RPTU contributing to “MagSQuant”: New low-loss materials for quantum technology

Magnonic microwave isolator based on two microscopic antennas (made of gold) for the generation and detection of magnons in the underlying film of yttrium iron garnet (YIG)
Magnonic microwave isolator based on two microscopic antennas (made of gold) for the generation and detection of magnons in the underlying film of yttrium iron garnet (YIG). The orientation of the external magnetic field H breaks the symmetry of the system, which is why magnons can only propagate in one direction (in this case downwards). As a result, a microwave signal only flows from the upper to the lower antenna and not vice versa, creating a directional isolator. Figure: Philipp Pirro
Magnonic microwave insulator including its microwave leads on a film of yttrium iron garnet (YIG)
Magnonic microwave insulator including its microwave leads on a film of yttrium iron garnet (YIG). Illustration: Philipp Pirro

The joint project “Low-loss materials for integrated magnonic-superconducting quantum technologies” (MagSQuant) is a new initiative aimed at significantly increasing the performance and scalability of superconducting quantum platforms. The project is being funded as part of the “Quantum Systems” research programme of the German Federal Ministry of Education and Research (BMBF) with a funding amount of 2 million euros and will run until 30 September 2027. The aim of MagSQuant is to develop materials that minimize losses in quantum systems and advance the integration of miniaturized components. RPTU is one of the research partners in the project, which is coordinated by the Leibniz Institute for Crystal Growth (IKZ) in Berlin.

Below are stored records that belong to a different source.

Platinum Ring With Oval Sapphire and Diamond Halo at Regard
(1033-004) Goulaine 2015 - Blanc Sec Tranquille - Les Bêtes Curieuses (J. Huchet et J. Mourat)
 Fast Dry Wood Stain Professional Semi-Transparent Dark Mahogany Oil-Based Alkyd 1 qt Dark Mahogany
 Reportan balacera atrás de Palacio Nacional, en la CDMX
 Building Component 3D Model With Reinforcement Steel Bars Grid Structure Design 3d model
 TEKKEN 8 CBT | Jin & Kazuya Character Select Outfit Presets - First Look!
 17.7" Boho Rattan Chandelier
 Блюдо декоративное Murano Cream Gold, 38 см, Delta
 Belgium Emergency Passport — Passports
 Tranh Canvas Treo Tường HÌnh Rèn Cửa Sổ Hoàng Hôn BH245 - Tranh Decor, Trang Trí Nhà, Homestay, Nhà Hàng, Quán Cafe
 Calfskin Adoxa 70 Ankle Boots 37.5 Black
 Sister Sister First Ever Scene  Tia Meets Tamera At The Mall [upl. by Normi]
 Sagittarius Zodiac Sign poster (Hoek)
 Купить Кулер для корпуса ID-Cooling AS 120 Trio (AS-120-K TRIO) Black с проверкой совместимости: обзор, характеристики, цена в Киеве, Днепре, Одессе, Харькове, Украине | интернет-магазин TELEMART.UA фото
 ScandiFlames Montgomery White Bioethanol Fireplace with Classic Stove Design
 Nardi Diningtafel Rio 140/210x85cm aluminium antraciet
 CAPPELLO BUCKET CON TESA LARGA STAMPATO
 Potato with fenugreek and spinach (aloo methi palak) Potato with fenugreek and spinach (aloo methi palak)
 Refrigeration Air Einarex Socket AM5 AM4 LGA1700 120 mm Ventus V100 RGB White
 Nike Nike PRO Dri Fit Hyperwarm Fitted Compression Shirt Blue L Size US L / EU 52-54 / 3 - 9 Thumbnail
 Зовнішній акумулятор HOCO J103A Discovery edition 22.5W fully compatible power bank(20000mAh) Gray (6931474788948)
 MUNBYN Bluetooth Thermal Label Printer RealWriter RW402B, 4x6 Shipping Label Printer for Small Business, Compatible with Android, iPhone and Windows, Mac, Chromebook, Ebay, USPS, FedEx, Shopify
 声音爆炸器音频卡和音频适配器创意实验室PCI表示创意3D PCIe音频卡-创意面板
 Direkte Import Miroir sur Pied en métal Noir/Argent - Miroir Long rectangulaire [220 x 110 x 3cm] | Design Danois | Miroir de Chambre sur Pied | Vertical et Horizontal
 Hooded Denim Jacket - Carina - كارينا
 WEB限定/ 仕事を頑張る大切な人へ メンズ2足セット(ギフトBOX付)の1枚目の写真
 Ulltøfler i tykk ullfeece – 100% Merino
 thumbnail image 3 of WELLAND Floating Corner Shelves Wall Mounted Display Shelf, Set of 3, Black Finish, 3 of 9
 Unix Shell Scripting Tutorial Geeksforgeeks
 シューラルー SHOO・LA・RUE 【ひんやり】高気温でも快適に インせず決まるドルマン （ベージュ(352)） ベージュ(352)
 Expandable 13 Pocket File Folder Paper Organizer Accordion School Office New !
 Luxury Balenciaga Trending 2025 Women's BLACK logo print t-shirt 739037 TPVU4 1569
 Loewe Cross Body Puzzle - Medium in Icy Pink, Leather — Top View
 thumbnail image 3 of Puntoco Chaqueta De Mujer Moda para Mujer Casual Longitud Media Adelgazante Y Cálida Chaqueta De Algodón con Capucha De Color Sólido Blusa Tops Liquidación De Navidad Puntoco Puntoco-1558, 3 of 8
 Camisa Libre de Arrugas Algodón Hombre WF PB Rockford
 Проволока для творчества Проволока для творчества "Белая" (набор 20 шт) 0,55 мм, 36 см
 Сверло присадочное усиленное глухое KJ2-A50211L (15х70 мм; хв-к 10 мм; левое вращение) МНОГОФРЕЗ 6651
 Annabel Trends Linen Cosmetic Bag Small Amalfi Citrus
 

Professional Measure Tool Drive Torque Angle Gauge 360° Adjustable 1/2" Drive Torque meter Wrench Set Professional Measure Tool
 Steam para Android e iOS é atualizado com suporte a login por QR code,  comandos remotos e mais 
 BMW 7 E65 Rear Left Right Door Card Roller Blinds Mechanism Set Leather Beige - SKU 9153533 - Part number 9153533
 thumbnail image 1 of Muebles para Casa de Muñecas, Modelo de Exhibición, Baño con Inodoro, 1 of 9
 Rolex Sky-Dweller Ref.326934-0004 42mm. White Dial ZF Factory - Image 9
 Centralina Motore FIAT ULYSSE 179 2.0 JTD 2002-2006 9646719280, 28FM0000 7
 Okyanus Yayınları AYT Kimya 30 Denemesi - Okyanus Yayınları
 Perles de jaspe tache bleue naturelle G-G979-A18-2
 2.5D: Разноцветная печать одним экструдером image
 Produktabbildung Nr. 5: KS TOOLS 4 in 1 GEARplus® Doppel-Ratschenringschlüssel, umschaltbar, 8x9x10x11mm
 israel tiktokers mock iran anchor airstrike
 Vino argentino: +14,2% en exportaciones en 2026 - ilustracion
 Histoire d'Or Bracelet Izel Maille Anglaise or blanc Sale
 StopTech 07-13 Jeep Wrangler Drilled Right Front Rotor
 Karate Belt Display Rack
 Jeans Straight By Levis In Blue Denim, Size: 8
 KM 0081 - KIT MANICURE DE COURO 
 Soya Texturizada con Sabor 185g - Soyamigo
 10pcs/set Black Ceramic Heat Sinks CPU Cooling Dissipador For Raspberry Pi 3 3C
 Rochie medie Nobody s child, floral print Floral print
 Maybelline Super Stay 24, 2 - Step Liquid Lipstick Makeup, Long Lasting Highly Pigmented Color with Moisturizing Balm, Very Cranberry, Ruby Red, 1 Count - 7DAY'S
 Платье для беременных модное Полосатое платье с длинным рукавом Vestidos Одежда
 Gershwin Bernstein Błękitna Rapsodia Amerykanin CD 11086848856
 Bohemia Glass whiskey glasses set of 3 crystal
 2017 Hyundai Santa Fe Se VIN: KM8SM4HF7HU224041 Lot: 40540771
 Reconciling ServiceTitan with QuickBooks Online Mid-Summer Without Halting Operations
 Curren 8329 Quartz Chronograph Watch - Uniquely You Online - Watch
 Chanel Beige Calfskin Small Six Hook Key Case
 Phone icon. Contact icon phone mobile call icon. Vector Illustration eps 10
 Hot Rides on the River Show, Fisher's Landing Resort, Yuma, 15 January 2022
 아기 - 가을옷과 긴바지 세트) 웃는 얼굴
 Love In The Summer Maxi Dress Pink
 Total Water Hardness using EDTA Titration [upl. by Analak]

The challenges in scaling quantum computers and technologies are considerable. Superconducting circuits, which are currently considered a key technology in quantum technology, are limited by energy losses and the high space requirements of conventional microwave components. MagSQuant aims to overcome these hurdles by developing novel materials that enable low-loss, miniaturized and integrable components. These components are to be based on magnetic and superconducting circuits and thus open up new possibilities for the production of high-performance quantum systems.

To realize the vision of a hybrid integration of miniaturized magnetic and superconducting circuits, the project partners are researching new material solutions. A key element is the development of magnetic thin films that exhibit long-lasting magnetic excitations - so-called magnons. These materials will be based on a special oxide substrate thin-film system that guarantees a particularly long magnon lifetime at the ultra-low operating temperatures of superconducting circuits. The use of high-purity zone-melted silicon substrate crystals will also improve the relaxation times of the superconducting quantum bits and thus increase the efficiency and stability of the quantum technology based on them.

By providing these new materials and miniaturized components, MagSQuant is making an important contribution to the further development of quantum technologies. On the one hand, the materials developed within the framework of MagSQuant promote the scalability and performance of quantum systems for industrial applications and, on the other hand, they open up new application possibilities for gas-phase epitaxial coatings and liquid-phase epitaxy. The results from MagSQuant are of great interest to numerous users of superconducting quantum circuits and magnetic excitations, as they enable improved overall performance.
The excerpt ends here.